車のナビを「大原駅」にセットして、3人で「今日の結婚式は良かったですね。」などと話をしながら走ったのですが、どうも道が良くわかりません。
ナビに従ってしばらく走ると、なんだかだんだん心細い道になって、「この道でいいのかなあ。」などと話していると、目の前でナビの画面がパッと変わって、別のコースを示します。
出口さんが、「このナビ古いからおかしくなったかなあ。」とつぶやきながらもう一度セットして、ナビが示す方向へ車を走らせますが、やっぱり正しい方角を示してくれません。
そうこうしているうちに、見覚えのある道に出ました。
私が、「この道さっき通りましたよ。」というと、出口さんも団長さんも「そうだよね、さっき通ったよ。」
ということになって、3人で不安になったので、思い切ってUターンして、広い道を探しながらしばらく走ると、右上にさっき結婚式を挙げたホテルが丘の上にそびえているのが見えました。
その時点でホテルを出てから40分間も近くをグルグルさまよっていたのです。
「おかしいなあ、キツネにでもつままれたのかなあ。
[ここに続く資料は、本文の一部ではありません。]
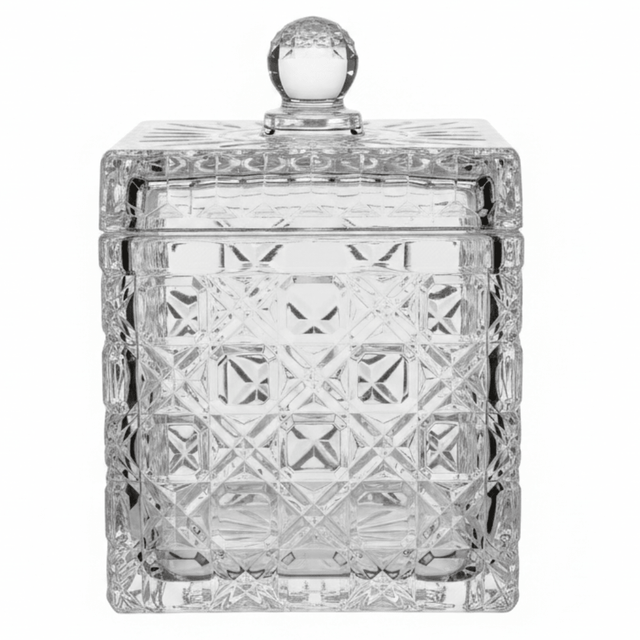 M.E.W Crystal Glass Candy Pot with Lid - 14×18.8cm - Al Kabayel Discount CentreM.E.W Crystal Glass Candy Pot with Lid - 14×18.8cmJars & Food SaversM.E.WAl Kabayel Discount Centre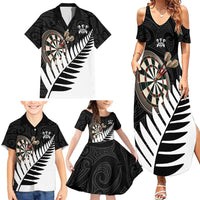 Personalised New Zealand Darts Family Matching Summer Maxi Dress and Hawaiian Shirt Silver Fern Aotearoa Maori Pattern - Polynesian Pride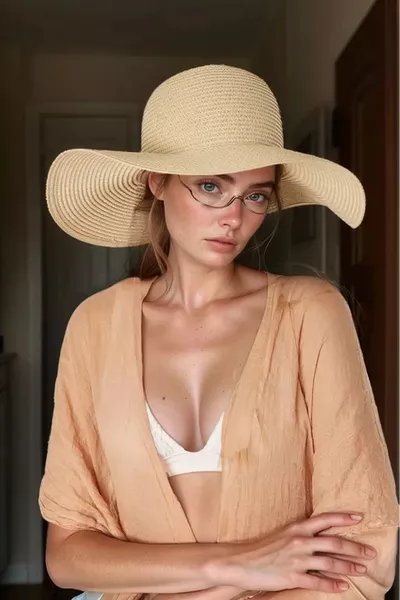 قبعة منسوجة واسعة باللون البيج 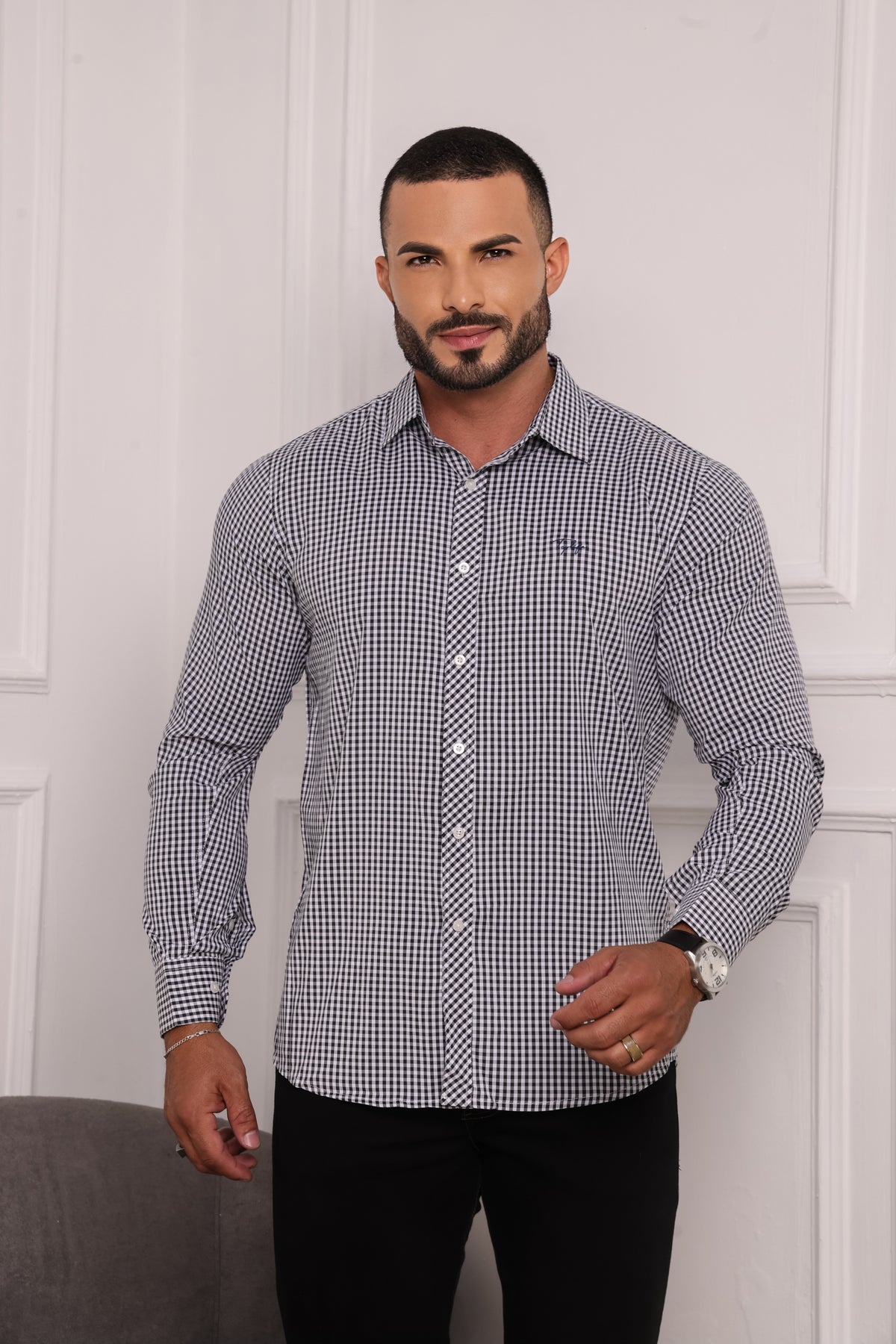 Camisa Masculina Xadrez Cinza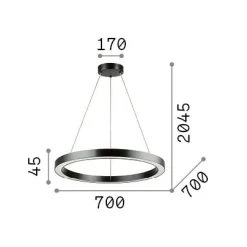 Ideal-Lux - Lampada a sospensione ORACLE SP D70 , 70 x 70 x h30 cm,<Dmora Fashion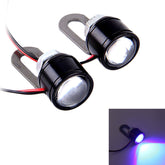 2 PCS 12V 3W Blue Light Eagle Eyes LED Strobe Light For Motorcycle ,Wire Length: 90cm, Wire Length: 90cm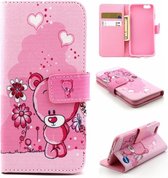 iCarer Bear print wallet case hoesje iPhone 5 5S SE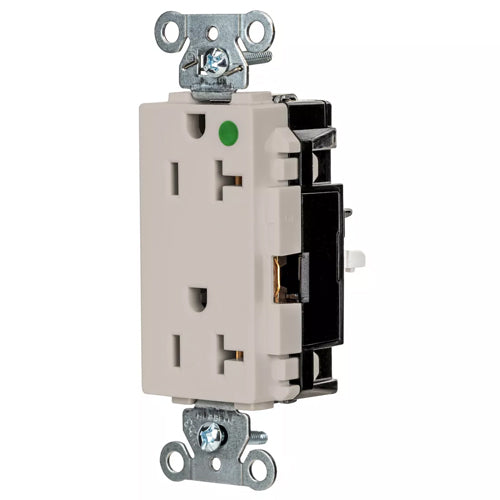 Hubbell HBL2182STLA, EdgeConnect HBL Extra Heavy Duty Max Receptacles, Style Line Decorator, Hospital Grade, Spring Termination, 20A 125V, 5-20R, 2-Pole 3-Wire Grounding, Light Almond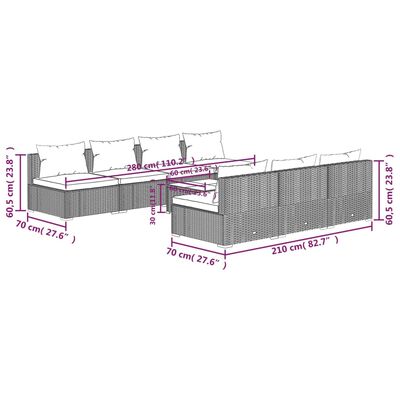 vidaXL Set Divani da Giardino 8 pz con Cuscini in Polyrattan Grigio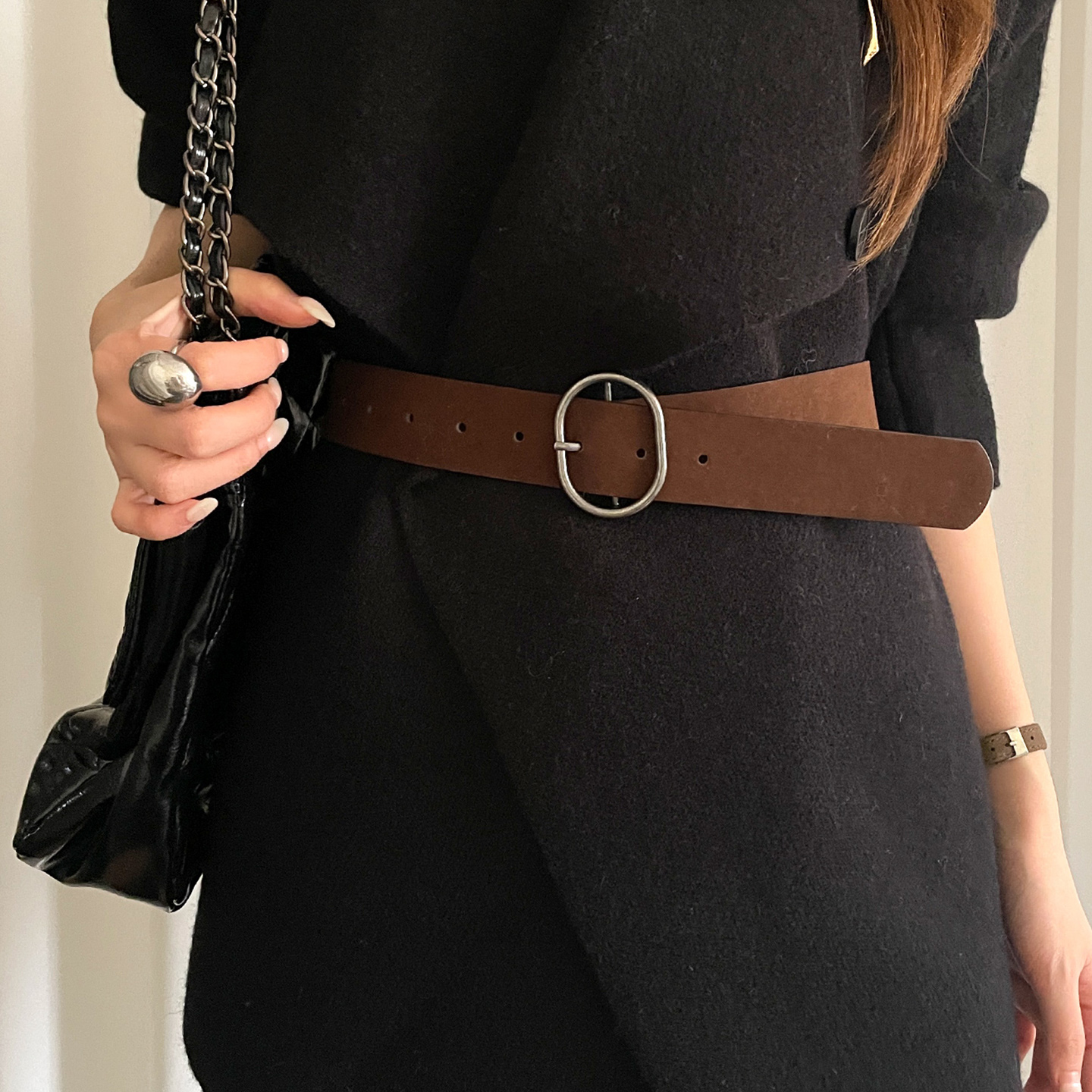 复古高级感绒面腰带女士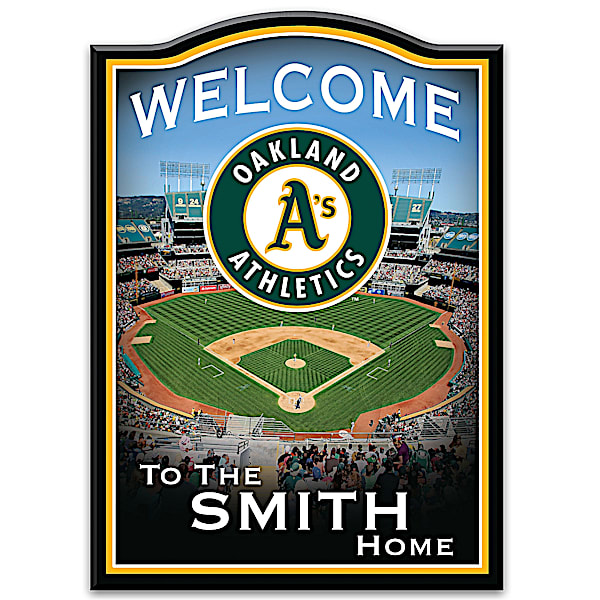 Welcome Sign: Oakland Athletics Personalized Family Welcome Sign
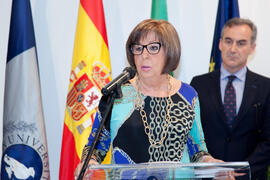 Adelaida de la Calle en la toma de posesión de Antonio Morales como Presidente del Consejo Social de la Universidad de Málaga. Abril de 2014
」
団長がそう言った途端、3人とも背筋が続々となりました。
季節外れの怪談ですが、不思議なことってあるもんですねえ。
人間1人の時にはどんな不思議なことがあっても誰も信じてくれませんが、オナラの臭いも同じ道をグルグルさまよったのも、私一人のときじゃなくて、他にも証人がいるんですから、こうしてお話しする気にもなるというものです。
そういえば、まだ暑い頃にこんなことがありました。
団長と「昼飯でも食べに行こうか。」ということになって、よく行く食堂に入ったんです。
なじみのおばさんが、「奥の座敷へどうぞ。」って言ってくれて、座敷に座ると、おばさん、「いらっしゃい。」って言って、お水とおしぼりを3つずつテーブルに置いたんです。
それを見た団長が、「きっともう一人見えるんだよ。」と言いますから、「白いおばあちゃんだろ。」と私が答えると、ちょうどクーラーの吹き出し口がこちらに向いてきて、2人とも背筋がゾクゾクとなりました。
まあ、リモコンから出ている赤外線だって、我々の目には見えないし、携帯電話の電磁波だって見えないし感じもしないけど、存在することは事実ですから、きっと、我々に感じないものが他にも存在するんでしょうね。
そういうことがあっても良いのではないでしょうか。
いや、なんでもわかってしまうよりも、少しはそういうことがある方が良いのではと思うのであります。
寒波襲来の折、さらに寒さが増すお話で失礼しました。
でも、実話ですから、何なら今度国吉駅で一人寂しく駅弁を売っている団長にも聞いてみてくださいね。
それにしても、いすみ鉄道沿線で私が就任した時から応援してくれていた方が、今年に入ってまた一人鬼、籍に入られました。
もっともっといっぱい話をしたかったんですが、とても残念です。
出てきてくれないかな~。
待ってるんだけど。
こういうことが続けざまに起きる時って、きっと何らかのメッセージが届くときなんでしょう。心のアンテナ感度を高めて受信できるようにしておかなければなりませんね。

2人で入った食堂でお水とおしぼりが3つ出てきました。
きっともう一人いるんだろうねえ。
そう言って記念写真を撮りましたが、何も写ってませんよね。